Task item
All lines in the material below that hold "flowers" should be found and copied.

__________________________________________________

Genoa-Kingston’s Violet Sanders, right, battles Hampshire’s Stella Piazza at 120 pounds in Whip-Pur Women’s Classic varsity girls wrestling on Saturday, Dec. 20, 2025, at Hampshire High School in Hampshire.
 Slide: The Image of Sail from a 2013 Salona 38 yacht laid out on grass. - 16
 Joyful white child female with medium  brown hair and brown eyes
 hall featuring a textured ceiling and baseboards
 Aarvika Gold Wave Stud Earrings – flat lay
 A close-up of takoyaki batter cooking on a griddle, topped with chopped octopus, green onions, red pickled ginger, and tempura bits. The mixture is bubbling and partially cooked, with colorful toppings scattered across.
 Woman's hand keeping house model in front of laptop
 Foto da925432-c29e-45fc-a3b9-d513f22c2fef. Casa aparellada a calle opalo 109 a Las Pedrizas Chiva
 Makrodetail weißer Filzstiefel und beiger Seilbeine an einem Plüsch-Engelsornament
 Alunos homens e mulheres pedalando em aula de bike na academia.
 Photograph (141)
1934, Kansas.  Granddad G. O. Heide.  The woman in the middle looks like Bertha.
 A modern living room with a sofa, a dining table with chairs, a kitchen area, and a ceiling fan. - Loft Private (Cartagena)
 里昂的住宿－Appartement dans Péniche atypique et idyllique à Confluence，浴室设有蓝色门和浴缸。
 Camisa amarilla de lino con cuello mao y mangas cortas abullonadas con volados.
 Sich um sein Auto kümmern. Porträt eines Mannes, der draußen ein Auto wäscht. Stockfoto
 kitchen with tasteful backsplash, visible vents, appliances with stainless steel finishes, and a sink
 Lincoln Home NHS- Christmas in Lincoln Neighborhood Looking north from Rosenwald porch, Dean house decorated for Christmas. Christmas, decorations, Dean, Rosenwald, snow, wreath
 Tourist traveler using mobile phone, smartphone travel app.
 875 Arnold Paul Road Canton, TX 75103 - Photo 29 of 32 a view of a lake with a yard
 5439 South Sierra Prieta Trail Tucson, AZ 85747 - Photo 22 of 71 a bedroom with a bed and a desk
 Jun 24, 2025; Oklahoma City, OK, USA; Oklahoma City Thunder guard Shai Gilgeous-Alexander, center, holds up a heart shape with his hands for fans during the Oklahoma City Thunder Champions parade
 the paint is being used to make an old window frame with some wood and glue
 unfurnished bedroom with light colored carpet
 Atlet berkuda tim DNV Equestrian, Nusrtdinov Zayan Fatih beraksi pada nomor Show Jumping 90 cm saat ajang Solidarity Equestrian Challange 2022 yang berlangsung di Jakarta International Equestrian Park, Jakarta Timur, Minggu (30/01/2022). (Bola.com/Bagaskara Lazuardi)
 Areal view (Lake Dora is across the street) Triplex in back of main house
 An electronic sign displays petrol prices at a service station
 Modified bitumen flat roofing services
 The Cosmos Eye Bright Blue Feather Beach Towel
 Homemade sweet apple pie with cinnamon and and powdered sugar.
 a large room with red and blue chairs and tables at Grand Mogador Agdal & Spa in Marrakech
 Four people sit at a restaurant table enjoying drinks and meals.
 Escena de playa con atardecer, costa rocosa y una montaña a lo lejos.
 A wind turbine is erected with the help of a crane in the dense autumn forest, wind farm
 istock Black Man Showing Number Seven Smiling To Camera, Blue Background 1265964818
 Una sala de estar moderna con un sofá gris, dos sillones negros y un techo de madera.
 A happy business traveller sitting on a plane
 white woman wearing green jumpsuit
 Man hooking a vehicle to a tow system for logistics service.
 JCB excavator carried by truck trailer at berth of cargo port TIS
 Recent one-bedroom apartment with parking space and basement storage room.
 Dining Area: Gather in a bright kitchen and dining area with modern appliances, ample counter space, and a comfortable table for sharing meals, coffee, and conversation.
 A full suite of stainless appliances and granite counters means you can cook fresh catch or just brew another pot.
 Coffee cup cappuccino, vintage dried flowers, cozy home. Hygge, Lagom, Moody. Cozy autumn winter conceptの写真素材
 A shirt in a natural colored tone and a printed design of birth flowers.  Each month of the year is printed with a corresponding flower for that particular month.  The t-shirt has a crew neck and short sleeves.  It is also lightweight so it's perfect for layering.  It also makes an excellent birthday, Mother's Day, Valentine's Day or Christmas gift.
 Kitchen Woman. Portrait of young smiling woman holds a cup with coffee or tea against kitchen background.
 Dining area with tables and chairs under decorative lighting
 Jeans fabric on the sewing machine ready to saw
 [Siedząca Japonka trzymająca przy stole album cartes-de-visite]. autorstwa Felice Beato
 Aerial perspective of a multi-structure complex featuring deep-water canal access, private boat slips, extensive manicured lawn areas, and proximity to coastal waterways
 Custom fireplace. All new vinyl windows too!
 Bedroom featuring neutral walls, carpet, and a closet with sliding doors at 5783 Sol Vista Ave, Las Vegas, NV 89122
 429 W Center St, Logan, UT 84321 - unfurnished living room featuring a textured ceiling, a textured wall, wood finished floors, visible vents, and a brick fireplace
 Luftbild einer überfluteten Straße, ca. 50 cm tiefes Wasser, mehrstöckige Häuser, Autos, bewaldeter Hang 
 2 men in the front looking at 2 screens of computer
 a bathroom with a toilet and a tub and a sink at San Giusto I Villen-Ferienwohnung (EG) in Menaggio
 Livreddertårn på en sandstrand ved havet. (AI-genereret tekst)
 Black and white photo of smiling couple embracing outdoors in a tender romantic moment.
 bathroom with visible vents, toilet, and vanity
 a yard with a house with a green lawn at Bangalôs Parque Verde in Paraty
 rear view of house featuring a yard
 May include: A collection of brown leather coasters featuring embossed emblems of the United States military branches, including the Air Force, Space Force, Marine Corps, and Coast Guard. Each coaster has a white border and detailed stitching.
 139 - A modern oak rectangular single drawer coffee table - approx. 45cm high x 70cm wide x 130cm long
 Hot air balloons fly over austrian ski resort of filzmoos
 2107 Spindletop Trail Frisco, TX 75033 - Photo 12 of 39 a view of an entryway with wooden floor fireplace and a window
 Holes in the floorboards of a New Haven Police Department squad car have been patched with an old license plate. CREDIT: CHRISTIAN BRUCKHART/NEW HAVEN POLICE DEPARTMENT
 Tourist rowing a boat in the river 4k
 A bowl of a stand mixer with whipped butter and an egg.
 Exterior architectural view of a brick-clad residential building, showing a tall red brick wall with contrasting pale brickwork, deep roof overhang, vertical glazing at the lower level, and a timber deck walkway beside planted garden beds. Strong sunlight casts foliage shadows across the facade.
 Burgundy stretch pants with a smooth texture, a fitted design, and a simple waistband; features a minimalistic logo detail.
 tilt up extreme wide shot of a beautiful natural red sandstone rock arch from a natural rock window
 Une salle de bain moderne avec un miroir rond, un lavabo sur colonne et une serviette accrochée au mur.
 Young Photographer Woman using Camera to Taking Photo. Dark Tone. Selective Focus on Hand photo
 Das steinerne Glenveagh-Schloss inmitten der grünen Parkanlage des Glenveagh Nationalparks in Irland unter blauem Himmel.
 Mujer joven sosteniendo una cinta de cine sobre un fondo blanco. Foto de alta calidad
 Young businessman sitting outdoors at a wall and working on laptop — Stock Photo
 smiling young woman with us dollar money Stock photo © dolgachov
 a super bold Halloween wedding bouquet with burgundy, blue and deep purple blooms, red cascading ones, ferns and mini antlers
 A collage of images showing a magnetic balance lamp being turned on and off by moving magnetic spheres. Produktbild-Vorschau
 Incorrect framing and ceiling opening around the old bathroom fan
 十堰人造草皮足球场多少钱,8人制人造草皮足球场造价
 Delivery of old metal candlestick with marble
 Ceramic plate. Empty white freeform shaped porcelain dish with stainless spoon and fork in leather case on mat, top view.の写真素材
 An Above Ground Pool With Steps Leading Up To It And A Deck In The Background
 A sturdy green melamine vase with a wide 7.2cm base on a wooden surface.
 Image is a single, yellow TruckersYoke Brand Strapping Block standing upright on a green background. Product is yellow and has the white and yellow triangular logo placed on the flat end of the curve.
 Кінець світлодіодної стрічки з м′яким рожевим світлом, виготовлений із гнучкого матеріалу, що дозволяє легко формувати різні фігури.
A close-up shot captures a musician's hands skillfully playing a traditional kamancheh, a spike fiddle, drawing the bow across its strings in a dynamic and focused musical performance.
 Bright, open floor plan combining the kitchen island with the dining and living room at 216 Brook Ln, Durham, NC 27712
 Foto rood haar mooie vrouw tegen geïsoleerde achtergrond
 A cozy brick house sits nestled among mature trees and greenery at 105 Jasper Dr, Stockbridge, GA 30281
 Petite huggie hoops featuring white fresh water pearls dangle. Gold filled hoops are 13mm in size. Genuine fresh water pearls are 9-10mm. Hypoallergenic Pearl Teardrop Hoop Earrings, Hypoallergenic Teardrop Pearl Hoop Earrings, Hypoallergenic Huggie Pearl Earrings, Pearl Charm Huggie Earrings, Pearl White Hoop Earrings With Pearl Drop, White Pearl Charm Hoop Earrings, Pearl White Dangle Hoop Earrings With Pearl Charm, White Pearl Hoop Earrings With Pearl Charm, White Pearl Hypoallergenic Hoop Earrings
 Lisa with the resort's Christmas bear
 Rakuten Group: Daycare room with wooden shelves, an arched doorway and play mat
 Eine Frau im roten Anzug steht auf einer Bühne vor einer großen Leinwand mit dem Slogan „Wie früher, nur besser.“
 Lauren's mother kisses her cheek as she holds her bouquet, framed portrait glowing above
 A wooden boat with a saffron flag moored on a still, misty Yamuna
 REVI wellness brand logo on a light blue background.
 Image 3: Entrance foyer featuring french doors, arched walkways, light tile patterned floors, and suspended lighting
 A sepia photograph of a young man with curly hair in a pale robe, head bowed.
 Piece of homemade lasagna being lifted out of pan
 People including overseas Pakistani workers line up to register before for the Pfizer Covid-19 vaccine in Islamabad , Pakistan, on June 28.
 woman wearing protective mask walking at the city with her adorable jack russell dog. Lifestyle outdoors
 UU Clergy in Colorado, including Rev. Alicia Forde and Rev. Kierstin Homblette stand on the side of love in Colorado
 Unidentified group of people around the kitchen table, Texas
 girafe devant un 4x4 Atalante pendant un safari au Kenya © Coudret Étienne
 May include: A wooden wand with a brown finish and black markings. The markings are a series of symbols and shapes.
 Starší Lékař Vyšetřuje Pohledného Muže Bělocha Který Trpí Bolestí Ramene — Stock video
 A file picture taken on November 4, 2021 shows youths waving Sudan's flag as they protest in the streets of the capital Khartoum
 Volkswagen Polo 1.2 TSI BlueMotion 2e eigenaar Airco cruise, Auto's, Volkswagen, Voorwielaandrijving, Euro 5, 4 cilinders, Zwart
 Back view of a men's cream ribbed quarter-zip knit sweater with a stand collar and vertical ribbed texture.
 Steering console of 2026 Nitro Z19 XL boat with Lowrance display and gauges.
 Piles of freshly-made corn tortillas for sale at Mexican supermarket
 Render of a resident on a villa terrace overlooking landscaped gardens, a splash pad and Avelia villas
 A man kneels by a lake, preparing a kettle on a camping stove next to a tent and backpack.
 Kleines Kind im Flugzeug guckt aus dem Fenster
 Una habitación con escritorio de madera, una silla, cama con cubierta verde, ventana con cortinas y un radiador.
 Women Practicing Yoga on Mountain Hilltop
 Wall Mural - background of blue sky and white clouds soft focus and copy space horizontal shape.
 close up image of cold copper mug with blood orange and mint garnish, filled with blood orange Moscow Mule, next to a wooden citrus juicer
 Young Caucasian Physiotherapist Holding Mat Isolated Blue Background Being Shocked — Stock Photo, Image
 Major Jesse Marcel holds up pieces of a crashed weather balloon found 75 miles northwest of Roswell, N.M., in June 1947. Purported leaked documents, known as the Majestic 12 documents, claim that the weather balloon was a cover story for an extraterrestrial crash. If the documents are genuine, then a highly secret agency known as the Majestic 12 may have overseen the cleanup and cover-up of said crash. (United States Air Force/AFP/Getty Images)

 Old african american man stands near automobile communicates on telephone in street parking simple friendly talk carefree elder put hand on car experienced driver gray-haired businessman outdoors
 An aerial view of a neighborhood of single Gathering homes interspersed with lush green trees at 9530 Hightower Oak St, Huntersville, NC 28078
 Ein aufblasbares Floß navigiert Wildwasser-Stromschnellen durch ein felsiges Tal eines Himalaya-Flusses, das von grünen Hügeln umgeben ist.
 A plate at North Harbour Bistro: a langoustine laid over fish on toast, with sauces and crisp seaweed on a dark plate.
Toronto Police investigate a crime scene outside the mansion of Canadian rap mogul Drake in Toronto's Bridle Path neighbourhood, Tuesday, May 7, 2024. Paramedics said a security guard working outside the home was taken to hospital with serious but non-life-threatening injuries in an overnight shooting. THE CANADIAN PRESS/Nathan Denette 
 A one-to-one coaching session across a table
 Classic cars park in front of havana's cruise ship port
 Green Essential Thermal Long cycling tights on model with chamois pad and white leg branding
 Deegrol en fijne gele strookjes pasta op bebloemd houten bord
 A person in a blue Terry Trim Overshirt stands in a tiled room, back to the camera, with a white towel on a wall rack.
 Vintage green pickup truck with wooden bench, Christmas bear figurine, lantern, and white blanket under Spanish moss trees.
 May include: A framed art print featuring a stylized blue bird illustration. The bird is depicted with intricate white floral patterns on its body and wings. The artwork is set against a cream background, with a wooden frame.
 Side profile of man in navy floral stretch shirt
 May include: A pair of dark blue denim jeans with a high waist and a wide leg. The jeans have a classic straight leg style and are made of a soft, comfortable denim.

__________________________________________________

Solution
 Coffee cup cappuccino, vintage dried flowers, cozy home. Hygge, Lagom, Moody. Cozy autumn winter conceptの写真素材
 A shirt in a natural colored tone and a printed design of birth flowers.  Each month of the year is printed with a corresponding flower for that particular month.  The t-shirt has a crew neck and short sleeves.  It is also lightweight so it's perfect for layering.  It also makes an excellent birthday, Mother's Day, Valentine's Day or Christmas gift.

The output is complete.